The discipline of digital humanities, and digital scholarship more broadly, is fluidly defined. Frequently considered non-traditional in nature, it resists straightforward approaches to pedagogy and learning. Centers for digital scholarship are often housed in the library, staffed by librarians expected to have skills ranging from traditional librarianship, technical expertise, digital project development and management, and provide training, workshop development and education. Humanities faculty teaching with or about DH tools and methodologies may draw on librarians for support in developing their digital humanities curricula, but more often develop course materials without taking advantage of overlapping expertise and experience.
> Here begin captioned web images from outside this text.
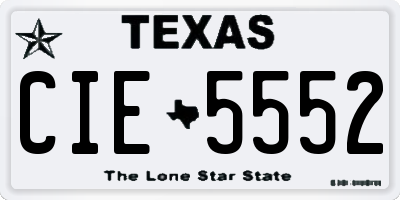 TX license plate CIE5552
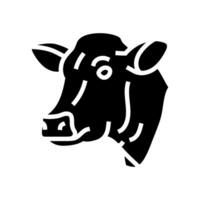 cabeza vaca animal glifo icono vector ilustración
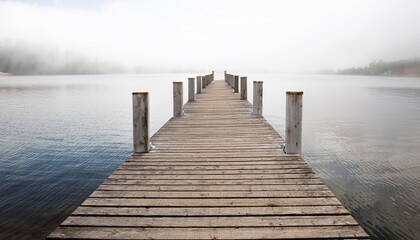 Fototapeta premium wooden dock calm water white background serene
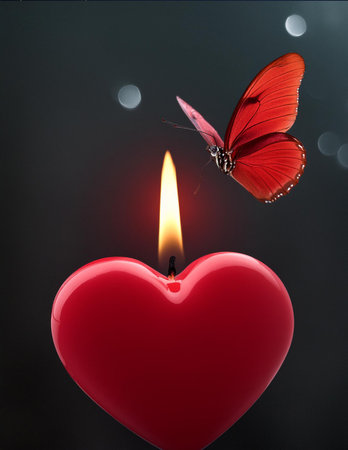 Red heart with a candle in the shape of a heart and butterflyの素材
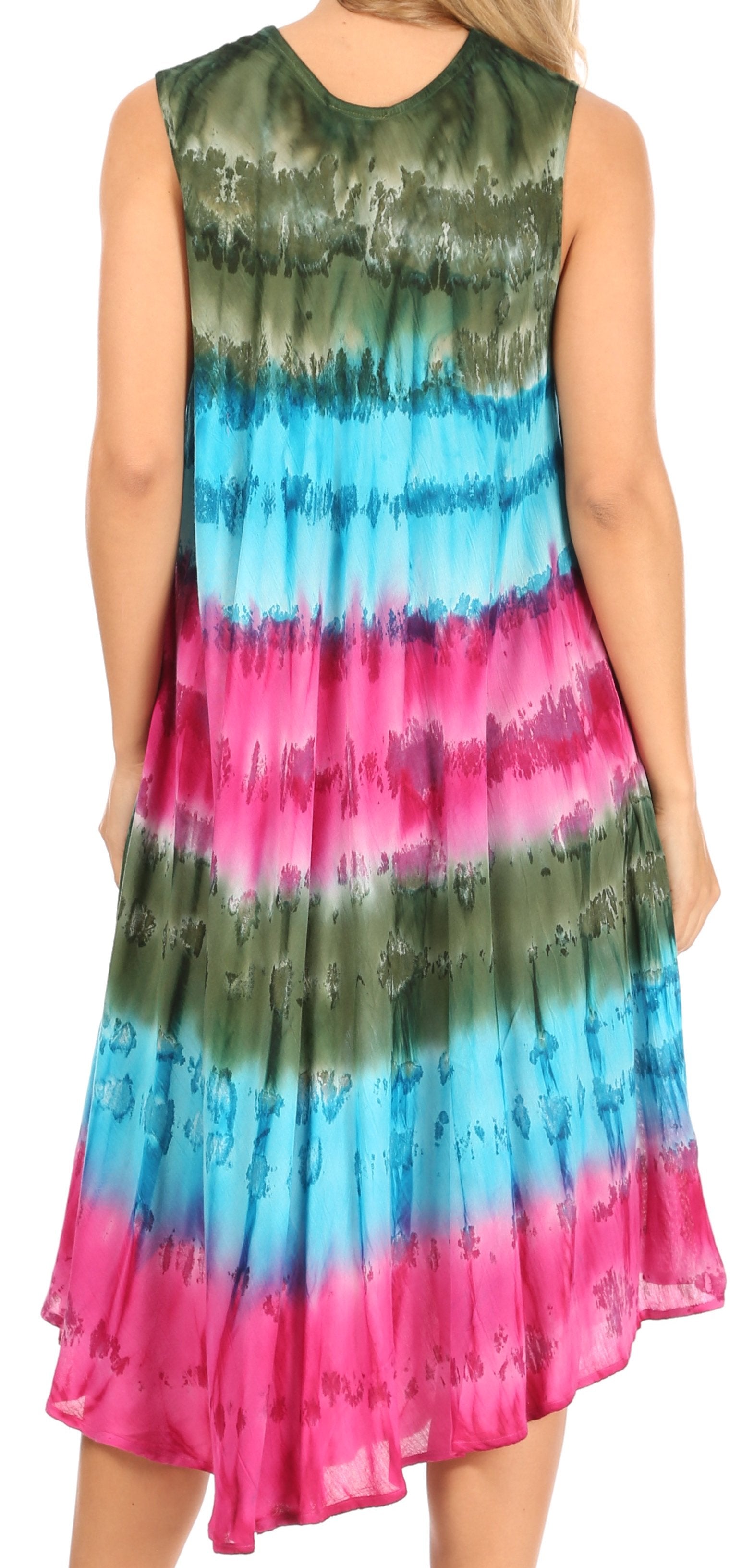 Multicolored tie-dye dress worn by a model on a white background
This roundtable will consider whether it possible to determine a core set of skills to successfully work and research in the field of digital humanities. Can we identify a pathway for educators to present these skills to their students and in doing so define best pedagogical practices for classroom instruction, and for learning? These questions will be considered from the perspective of faculty-led DH courses situated in humanities departments, and librarian-led digital librarianship and digital scholarship courses in an MLIS program.
While there are frequently intersections between the content and technology required to work successfully in the fields of academic and library digital scholarship, there are also subtle differences in library vs. faculty roles. Digital librarians need to understand both analog and digital worlds, and the different relationships they will have with both the technology and its end users. They need to be conversant in digital scholarship writ large, to facilitate and support digital scholars in multiple disciplines. Librarians may know five mapping tools and have a good grasp of print and digital resources across the humanities, but they are usually not experts in specific subfields or tools, focusing more on resource awareness and facilitating the setup and operation of tools than the process of research as such. By contrast, faculty often choose one tool to work with to support their research goals and go deeply into their subject and the workings of this tool. Training in digital librarianship emphasizes breadth, while faculty research and teaching focus on depth. Another key difference is that librarianship research methods emphasize the ‘meta’ aspect of data: where does it come from? What are the ethics and values of data-driven research?
Roundtable participants will consider the pedagogy underpinning digital humanities and digital scholarship programs across a variety of classroom situations including in-person, virtual and hybrid offerings. We’ll highlight pedagogical practices that have been successful in the panelists’ experience, as well as those that have been less so. We will explore the value of identifying common pedagogical ground in an effort to develop curricular materials and teaching strategies that are relevant for digital scholars and librarians, and taught by specialists from both fields, with the goal of making DH pedagogy an engaging experience. We’ll also discuss the question of what department(s) are the best homes for DH/DS education in both undergraduate and graduate settings, addressing the issue of balance between technology and subject matter expertise.